We also meet new friends–The Baker and The Baker’s Wife–wishing for a child. Their neighbor, a vile old Witch, cursed the family with infertility after discovering The Baker’s father stealing her vegetables and beans. She also took The Baker’s sister at birth, locking her high in a tower. She agrees to lift the curse if the couple can supply the ingredients for a potion she’s cooking up in short order: the cow as white as milk, the cape as red as blood, the hair as yellow as corn, and the slipper as pure as gold.
The Baker and his Wife set off to assemble the materials, employing a bit of trickery at every turn and struggling to justify their deceits, while our fairytale favorites begin complicated journeys of their own. By Act I’s end, wishes have come true and the promise of wealth, romance, or Happily Ever After seems near for all.

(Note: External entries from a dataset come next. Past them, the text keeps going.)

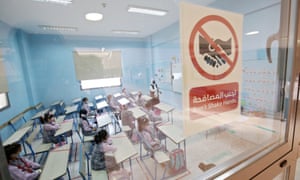 Students attend class at a school in Kuwait City after schools reopened for on-campus learning for the first time in months.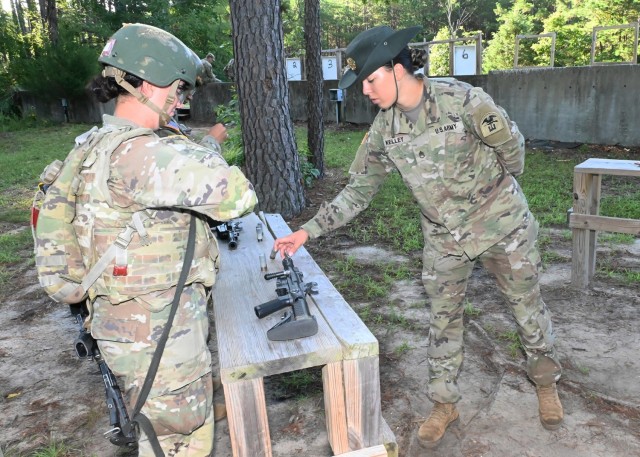 Staff Sgt. Wendy Kelley, a drill sergeant with Company D, 31st Engineer Battalion, tests trainees on their ability to load and unload a M26 Modular Accessory Shotgun System Wednesday on Range 33. 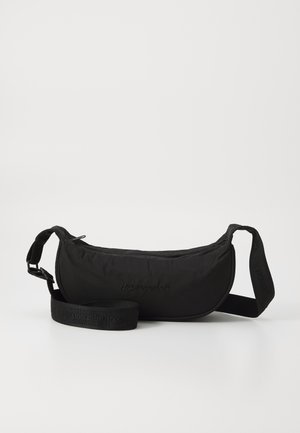 Fekete deréktáska puha anyagból, ívelt formával, állítható pánttal és dombornyomott logóval az elején. Simább textúra és minimalista dizájn.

But as the lights come up on Act II, everyone is jolted into the woods again. A mysterious beanstalk signals something far more sinister, and the community must come together to face the unimaginable consequences of their insatiable appetite for more.
The Wall Street Journal: “’Into the Woods’ gets done a lot—a whole lot — but I haven’t seen it done this well since the original 1987 Broadway production.” – Terry Teachout
Cast & Creative
Baker George Merrick*
Baker’s Wife Britney Simpson*
Cinderella, Granny Laura Darrell*
Jack, Ensemble Brandon Dial (cc)
Jack’s Mother, Stepmother Nance Williamson*
Little Red, Ensemble Kayla Coleman (cc)
Narrator, Mysterious Man Jason O’Connell*
Cinderella’s Prince, Wolf Rhett Guter*
Rapunzel, Ensemble Kendall Cafaro (cc)
Rapunzel’s Prince Luis Quintero*
Steward, Ensemble Ryan Washington (cc)
Witch Leenya Rideout*
Ensemble Jon Cook (cc), Timiki Salinas (cc)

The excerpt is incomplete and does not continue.